Eight years ago today, President Donald Trump signed historic tax cuts into law, spurring an economic boom.

The 2017 Tax Cuts and Jobs Act, passed exclusively by Republicans in Congress, delivered major wins for women, workers, households, and businesses of all sizes. 

The TCJA was a sweeping tax reform package that touched every corner of America:

  • Nearly every paycheck earner received a tax cut in 2017 as the law lowered tax rates across the board, boosting paychecks. 
  • It doubled the Child Tax Credit (CTC) for families with kids, freeing up resources for big-ticket purchases like a new car or family trips.
  • It doubled the standard deduction, simplifying taxes for millions of people. 
  • The corporate tax rate was slashed from 35% to 21% to be competitive with other nations. 
  • Small businesses organized as “pass-through” entities—likely many of the 12 million women-owned businesses—were provided a 20% deduction (199A) to bring their tax rates closer to the new, lowered corporate rate.

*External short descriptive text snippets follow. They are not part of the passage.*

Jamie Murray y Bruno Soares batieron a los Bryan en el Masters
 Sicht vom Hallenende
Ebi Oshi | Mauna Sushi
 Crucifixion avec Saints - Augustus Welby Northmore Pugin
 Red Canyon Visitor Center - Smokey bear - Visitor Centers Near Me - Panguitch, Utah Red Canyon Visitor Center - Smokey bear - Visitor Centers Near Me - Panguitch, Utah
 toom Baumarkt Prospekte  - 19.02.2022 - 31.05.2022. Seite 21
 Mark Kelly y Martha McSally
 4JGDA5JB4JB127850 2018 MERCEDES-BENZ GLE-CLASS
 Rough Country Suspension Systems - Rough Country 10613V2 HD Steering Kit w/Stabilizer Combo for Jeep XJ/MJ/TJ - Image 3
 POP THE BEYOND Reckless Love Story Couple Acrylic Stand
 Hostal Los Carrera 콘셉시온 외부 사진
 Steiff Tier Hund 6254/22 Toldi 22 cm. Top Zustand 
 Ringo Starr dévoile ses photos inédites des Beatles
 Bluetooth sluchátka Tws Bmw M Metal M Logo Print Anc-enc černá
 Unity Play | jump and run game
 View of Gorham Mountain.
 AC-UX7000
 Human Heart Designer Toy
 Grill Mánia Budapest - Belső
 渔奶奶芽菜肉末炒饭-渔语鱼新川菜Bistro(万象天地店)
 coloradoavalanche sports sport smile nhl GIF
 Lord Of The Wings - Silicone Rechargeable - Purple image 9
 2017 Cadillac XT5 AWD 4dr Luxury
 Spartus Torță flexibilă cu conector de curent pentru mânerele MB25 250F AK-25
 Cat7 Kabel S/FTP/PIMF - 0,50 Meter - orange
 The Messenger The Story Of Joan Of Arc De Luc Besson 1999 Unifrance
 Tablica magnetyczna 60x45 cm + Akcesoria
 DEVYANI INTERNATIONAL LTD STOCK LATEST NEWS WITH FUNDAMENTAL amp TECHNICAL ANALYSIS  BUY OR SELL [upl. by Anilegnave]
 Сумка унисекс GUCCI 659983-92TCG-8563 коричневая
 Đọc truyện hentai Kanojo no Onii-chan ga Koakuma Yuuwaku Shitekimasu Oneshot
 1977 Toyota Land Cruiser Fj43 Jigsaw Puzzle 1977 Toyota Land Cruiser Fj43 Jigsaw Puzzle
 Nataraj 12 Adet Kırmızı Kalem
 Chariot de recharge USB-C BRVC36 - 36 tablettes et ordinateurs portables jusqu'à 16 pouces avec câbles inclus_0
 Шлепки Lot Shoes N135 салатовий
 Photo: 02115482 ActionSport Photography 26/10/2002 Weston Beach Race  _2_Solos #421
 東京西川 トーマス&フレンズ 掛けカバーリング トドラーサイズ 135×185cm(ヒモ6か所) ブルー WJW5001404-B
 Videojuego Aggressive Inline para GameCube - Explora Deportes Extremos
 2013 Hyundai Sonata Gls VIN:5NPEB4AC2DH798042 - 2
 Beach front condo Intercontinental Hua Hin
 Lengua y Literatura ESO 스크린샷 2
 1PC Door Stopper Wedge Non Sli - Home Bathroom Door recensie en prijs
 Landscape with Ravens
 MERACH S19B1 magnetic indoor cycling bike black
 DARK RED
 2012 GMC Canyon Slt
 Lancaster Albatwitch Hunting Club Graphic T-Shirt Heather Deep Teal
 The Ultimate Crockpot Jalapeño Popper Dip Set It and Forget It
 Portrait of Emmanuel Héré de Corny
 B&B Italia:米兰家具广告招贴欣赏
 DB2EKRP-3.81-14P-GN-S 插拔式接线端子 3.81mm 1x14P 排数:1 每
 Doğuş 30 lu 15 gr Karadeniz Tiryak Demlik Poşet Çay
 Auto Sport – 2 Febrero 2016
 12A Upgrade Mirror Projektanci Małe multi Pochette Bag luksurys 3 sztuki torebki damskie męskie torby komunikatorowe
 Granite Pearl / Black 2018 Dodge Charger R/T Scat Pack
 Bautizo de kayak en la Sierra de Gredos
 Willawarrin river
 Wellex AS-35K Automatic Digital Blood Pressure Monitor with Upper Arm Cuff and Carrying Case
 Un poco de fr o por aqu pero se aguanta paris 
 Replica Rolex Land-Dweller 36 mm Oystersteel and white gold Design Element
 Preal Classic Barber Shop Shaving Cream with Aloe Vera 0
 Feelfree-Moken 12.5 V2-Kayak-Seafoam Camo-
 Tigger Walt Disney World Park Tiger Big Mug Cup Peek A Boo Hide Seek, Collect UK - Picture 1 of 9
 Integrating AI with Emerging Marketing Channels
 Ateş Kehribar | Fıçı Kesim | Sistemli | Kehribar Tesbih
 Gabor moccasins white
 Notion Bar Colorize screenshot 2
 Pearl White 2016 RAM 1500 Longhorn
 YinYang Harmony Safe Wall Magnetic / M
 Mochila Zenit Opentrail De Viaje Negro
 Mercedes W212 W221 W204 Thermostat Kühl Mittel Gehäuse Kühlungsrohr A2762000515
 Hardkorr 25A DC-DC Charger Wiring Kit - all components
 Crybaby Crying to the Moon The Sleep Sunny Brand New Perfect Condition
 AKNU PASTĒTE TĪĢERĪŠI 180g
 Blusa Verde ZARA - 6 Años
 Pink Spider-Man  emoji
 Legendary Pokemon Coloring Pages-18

If we measure the impact of a law on the outcomes, the TCJA’s impact was undeniably positive: 

Households Prospered

  • Median household income reached an all-time high of $68,703 in 2019.
  • Real median household incomes grew by more than $5,000.
  • The poverty rate fell to a record low.
  • 4.2 million Americans were lifted out of poverty.
  • Taxpayers spent 2 billion fewer hours on paperwork in 2020 compared to 2017—a time savings worth over $50 billion.

Workers Won

  • U.S. companies added 4.7 million new jobs within the first two years.
  • The unemployment rate reached a 50-year low of 3.5%.
  • Black unemployment reached a historic low.
  • Hispanic unemployment reached historic lows.
  • Real wages rose by 4.9%—the fastest growth in twenty years.
  • Thousands of businesses nationwide gave bonuses, pay increases, and new benefits such as health care. Many women also enjoyed new family benefits, particularly paid family leave.

The Economy Boomed

  • Total corporate investment rose by about 11%.
  • Gross Domestic Product rose by nearly 1% (for a $27 trillion economy, that’s at least $270 billion).
  • Zero American businesses moved abroad.
  • By FY 2022, tax revenues reached a record high of $4.9 trillion—beating expectations.

What’s Next?

Many provisions of the TCJA were set to expire next week on New Year’s Eve 2025. The consequences would have been detrimental to the U.S. economy. 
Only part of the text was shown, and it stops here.